------ INFORMATION GIVEN
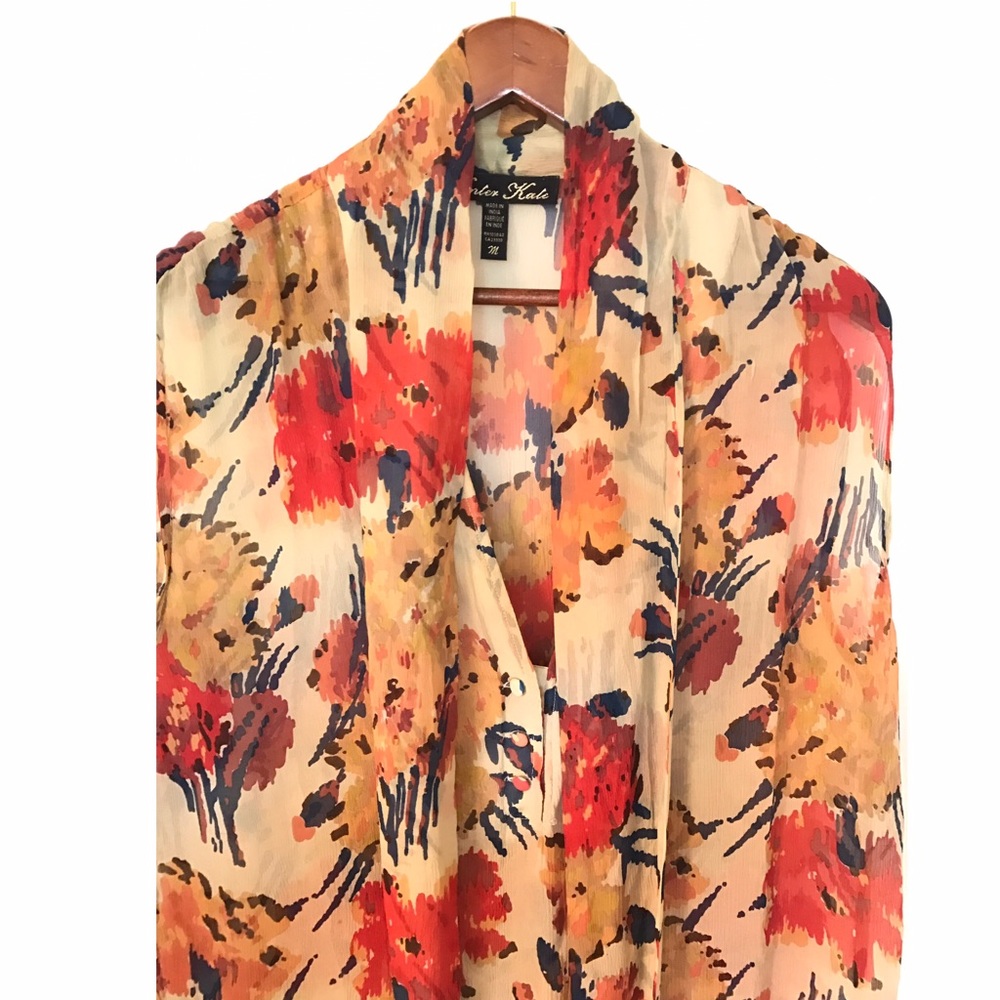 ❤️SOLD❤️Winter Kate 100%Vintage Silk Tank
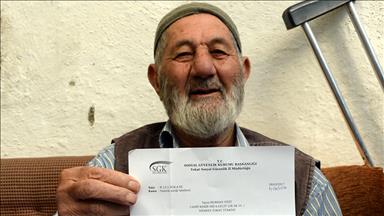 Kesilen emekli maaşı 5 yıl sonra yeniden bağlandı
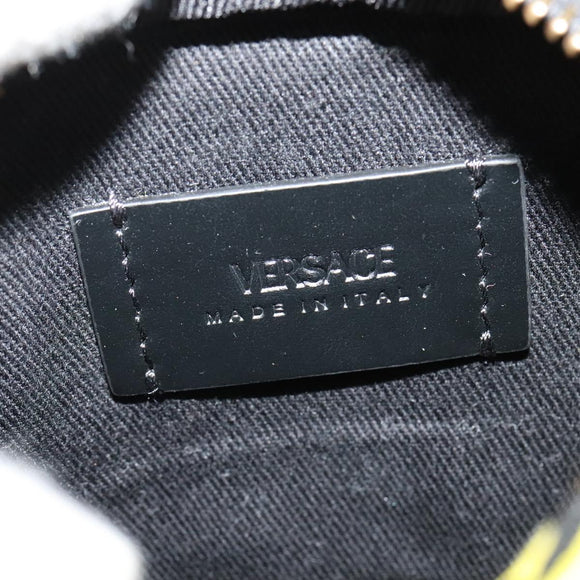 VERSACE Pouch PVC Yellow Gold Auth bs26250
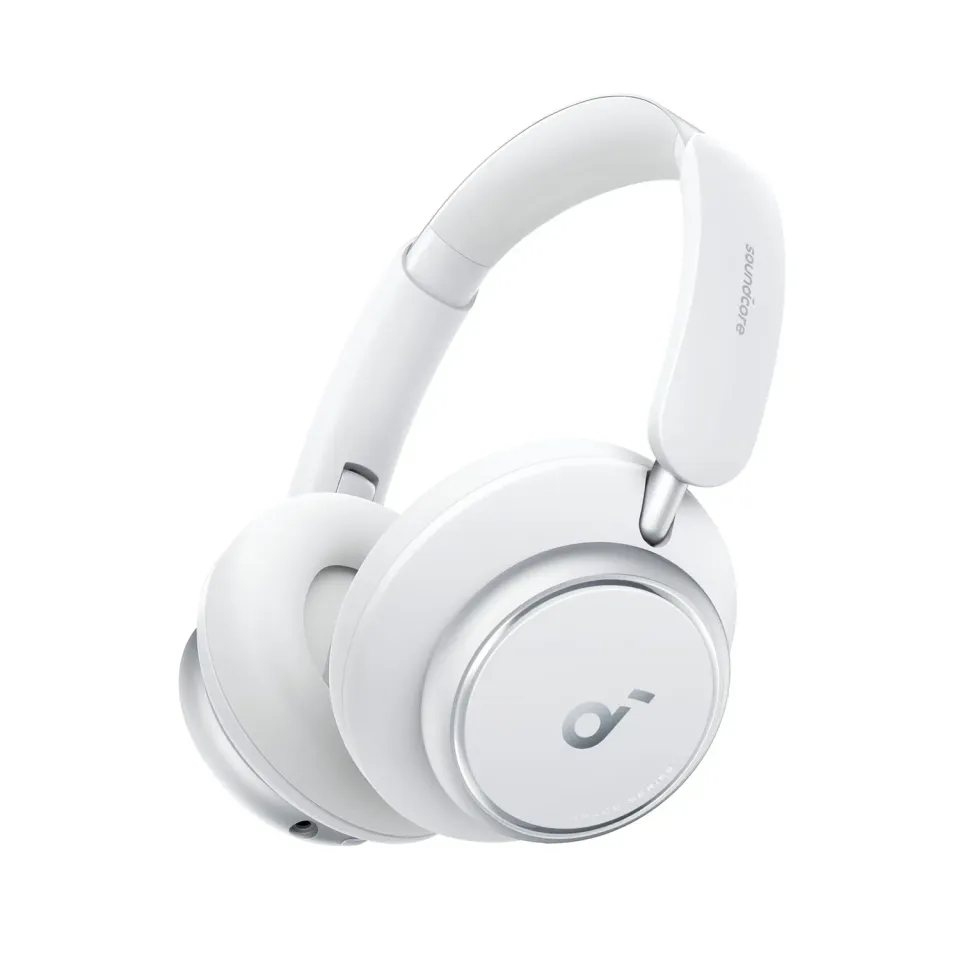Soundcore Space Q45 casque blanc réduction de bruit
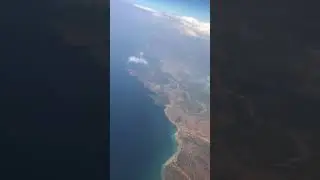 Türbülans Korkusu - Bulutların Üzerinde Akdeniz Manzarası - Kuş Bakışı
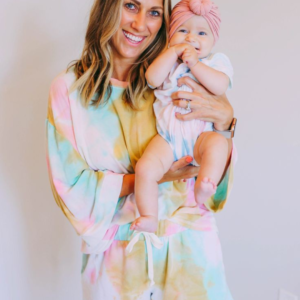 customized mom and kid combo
------------
------ INFORMATION GIVEN
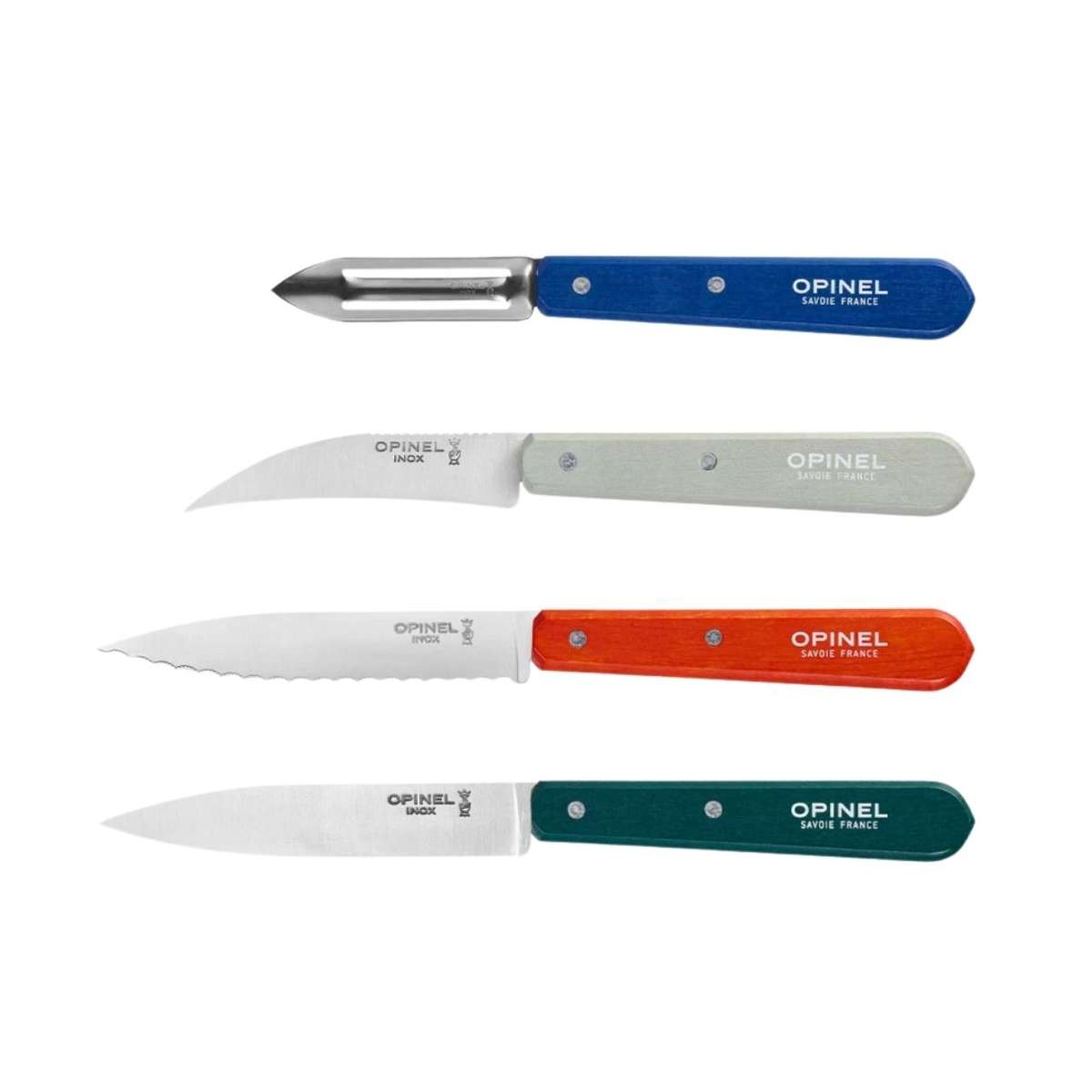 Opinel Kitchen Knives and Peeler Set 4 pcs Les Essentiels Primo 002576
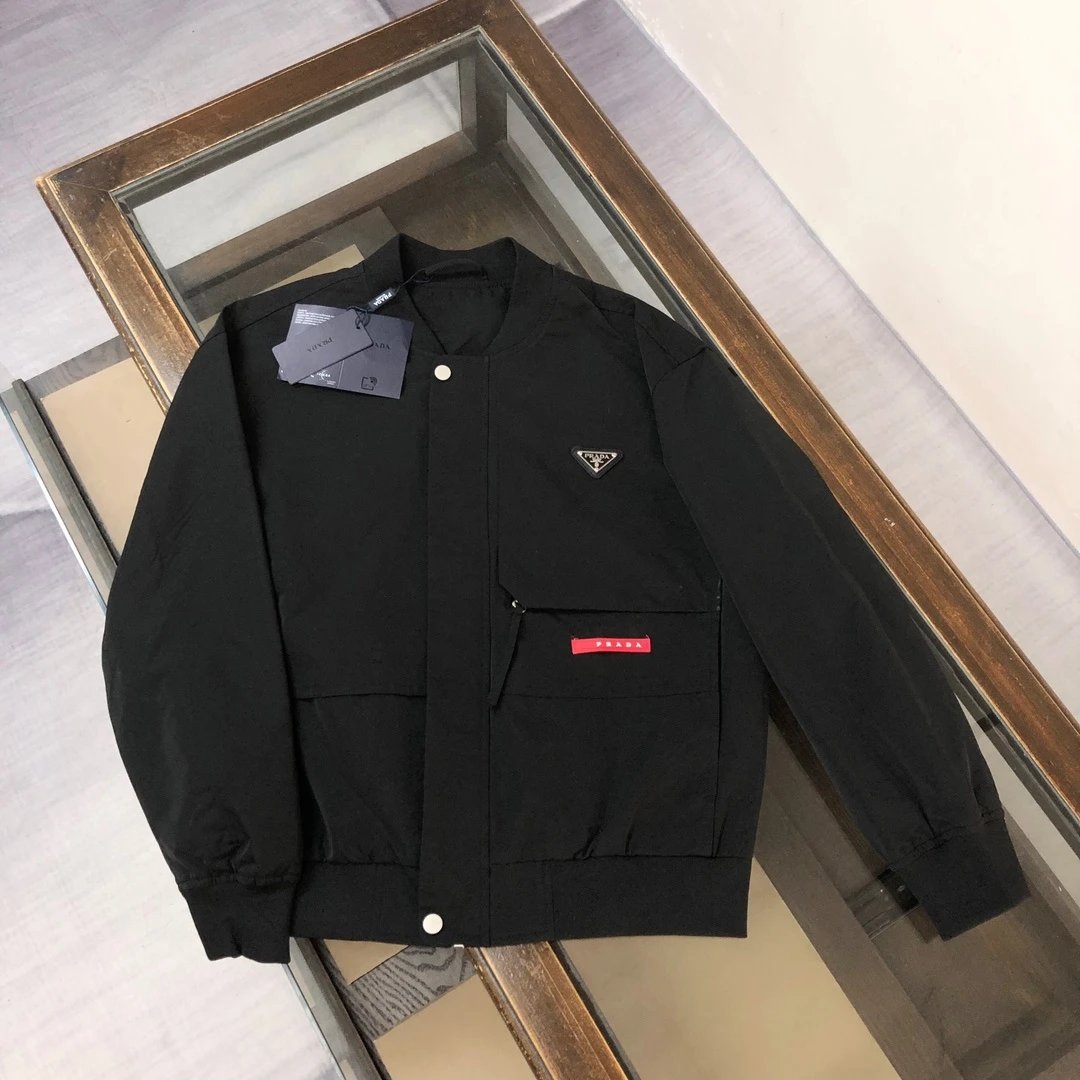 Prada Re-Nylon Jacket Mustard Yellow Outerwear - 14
------------
------ INFORMATION GIVEN
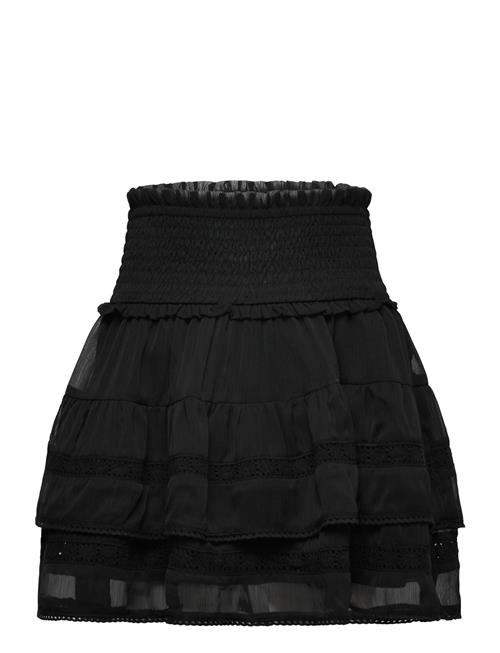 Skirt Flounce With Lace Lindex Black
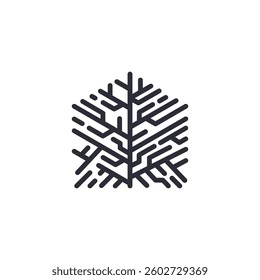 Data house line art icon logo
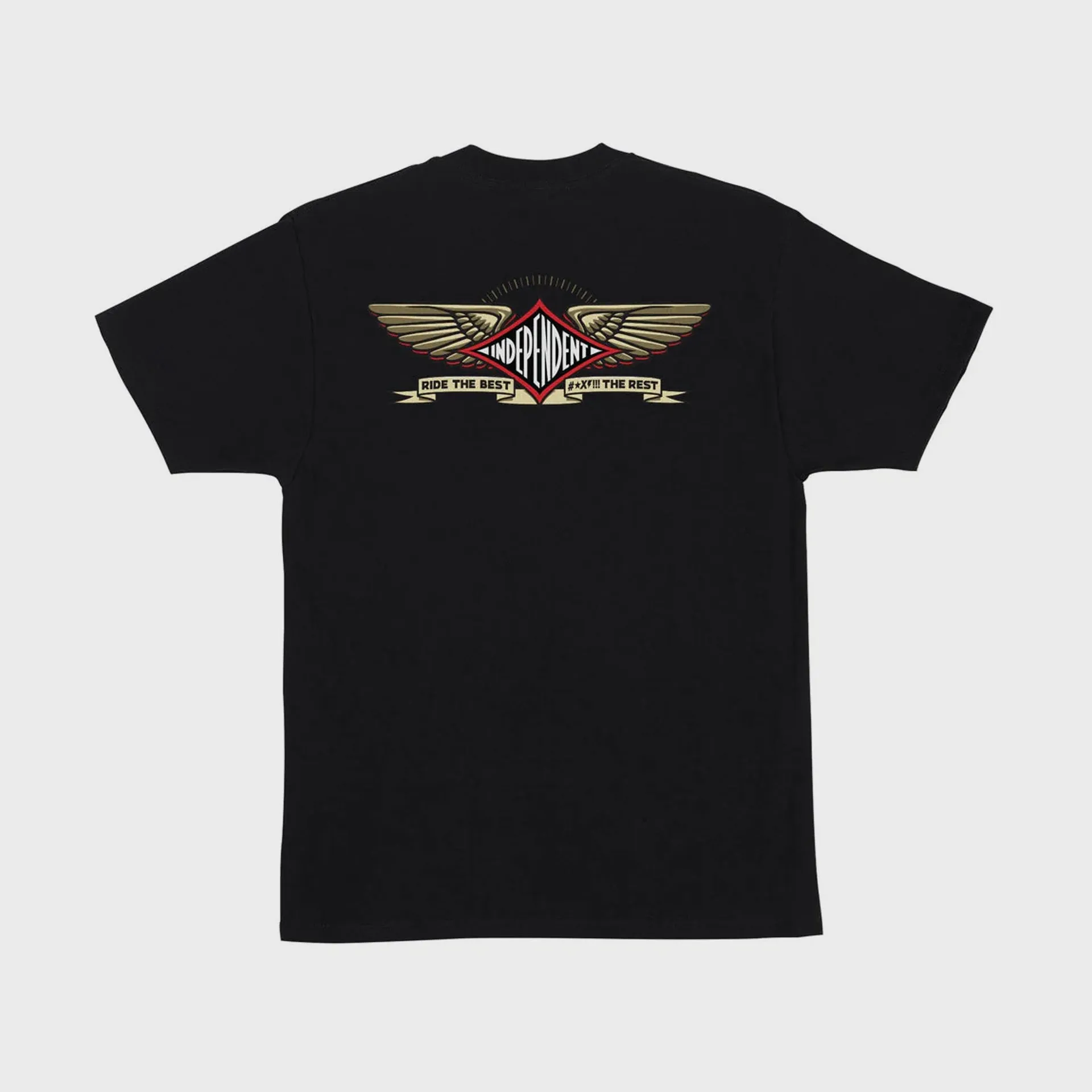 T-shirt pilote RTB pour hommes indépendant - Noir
------------
▶ PROBLEM DETAILS:
Write down exactly what the lines above say, from the line holding "Kesilen emekli maaşı" through the line holding "customized mom and kid combo", and nothing more. Do not copy the pictures.

▶ RESPONSE BELOW:
 Kesilen emekli maaşı 5 yıl sonra yeniden bağlandı
 VERSACE Pouch PVC Yellow Gold Auth bs26250
Soundcore Space Q45 casque blanc réduction de bruit
 Türbülans Korkusu - Bulutların Üzerinde Akdeniz Manzarası - Kuş Bakışı
 customized mom and kid combo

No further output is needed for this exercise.